__Work to complete__
Omit the pictures from the entries below and retype everything else exactly.

__Records for processing__
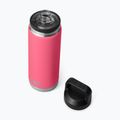 Termos YETI Rambler Chug 760 ml tropical pink 4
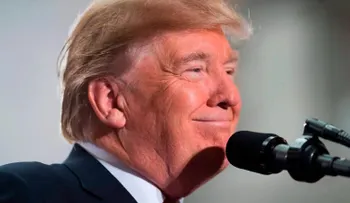 Lo que aprendimos en 365 días de encuestas sobre Trump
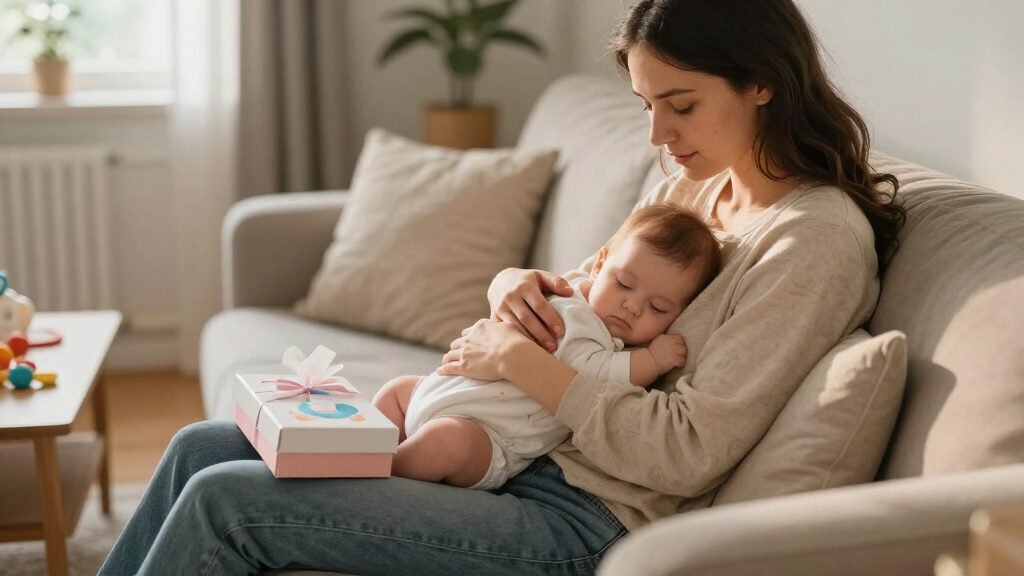 best gifts for new parents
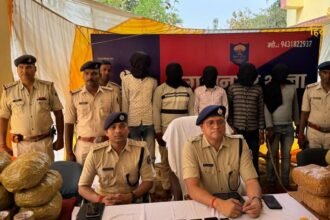 अंतर्राष्ट्रीय गैंगस्टर जगदीप उर्फ (11)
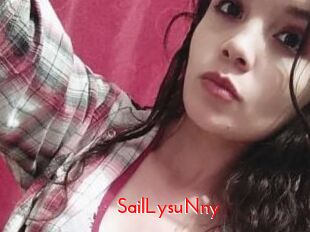 SailLysuNny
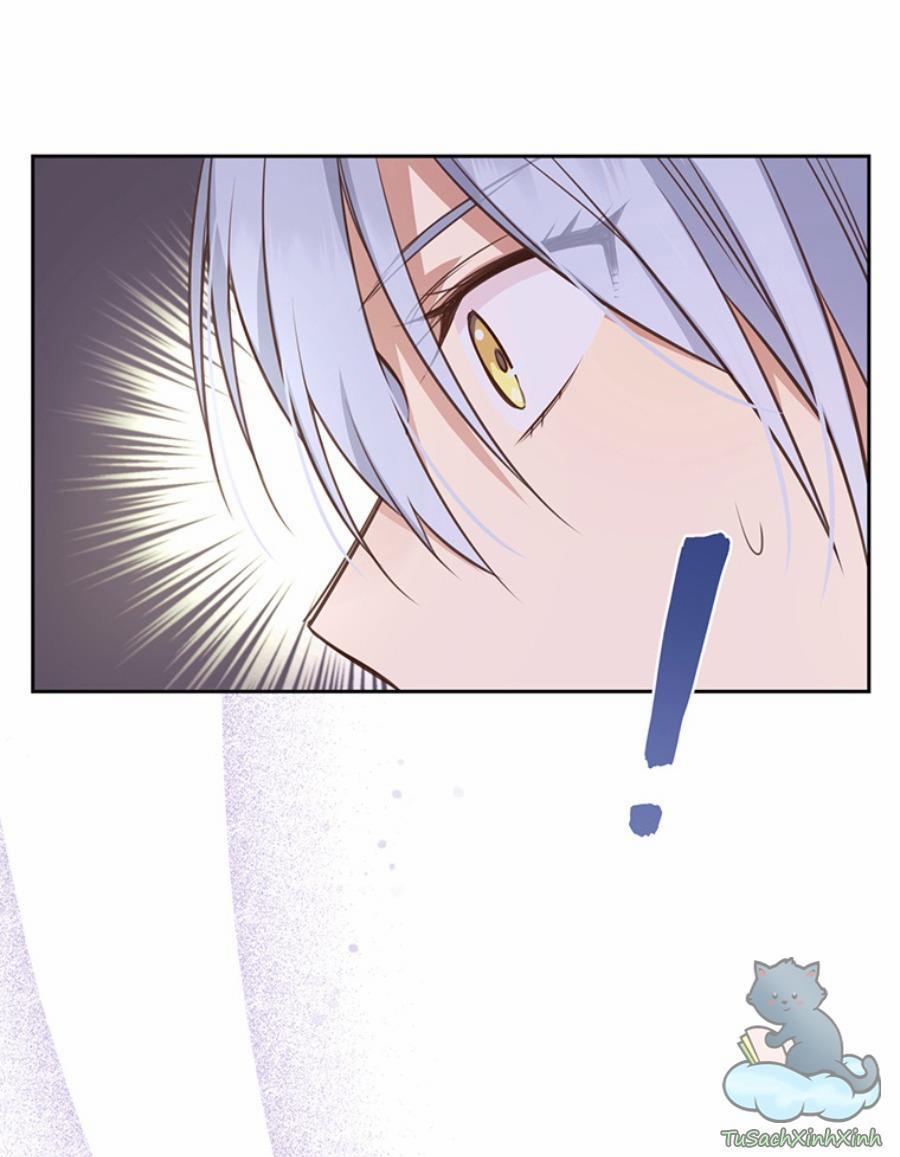 Yêu Tôi Đi, Dù Sao Ngài Cũng Chỉ Là Nhân Vật Phụ 3.5 trang 11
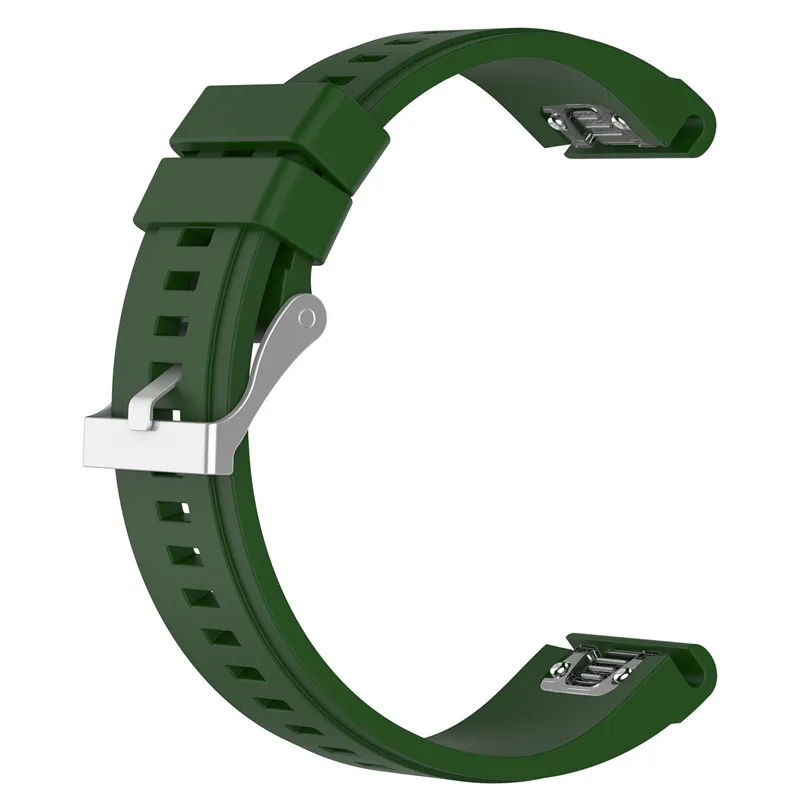 Ремешок для смарт часов Garmin Fenix 5X GPS быстрая установка|garmin smart band|garmin bandgarmin replacement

__Reply__
 Termos YETI Rambler Chug 760 ml tropical pink 4
 Lo que aprendimos en 365 días de encuestas sobre Trump
 best gifts for new parents
 अंतर्राष्ट्रीय गैंगस्टर जगदीप उर्फ (11)
 SailLysuNny
 Yêu Tôi Đi, Dù Sao Ngài Cũng Chỉ Là Nhân Vật Phụ 3.5 trang 11
 Ремешок для смарт часов Garmin Fenix 5X GPS быстрая установка|garmin smart band|garmin bandgarmin replacement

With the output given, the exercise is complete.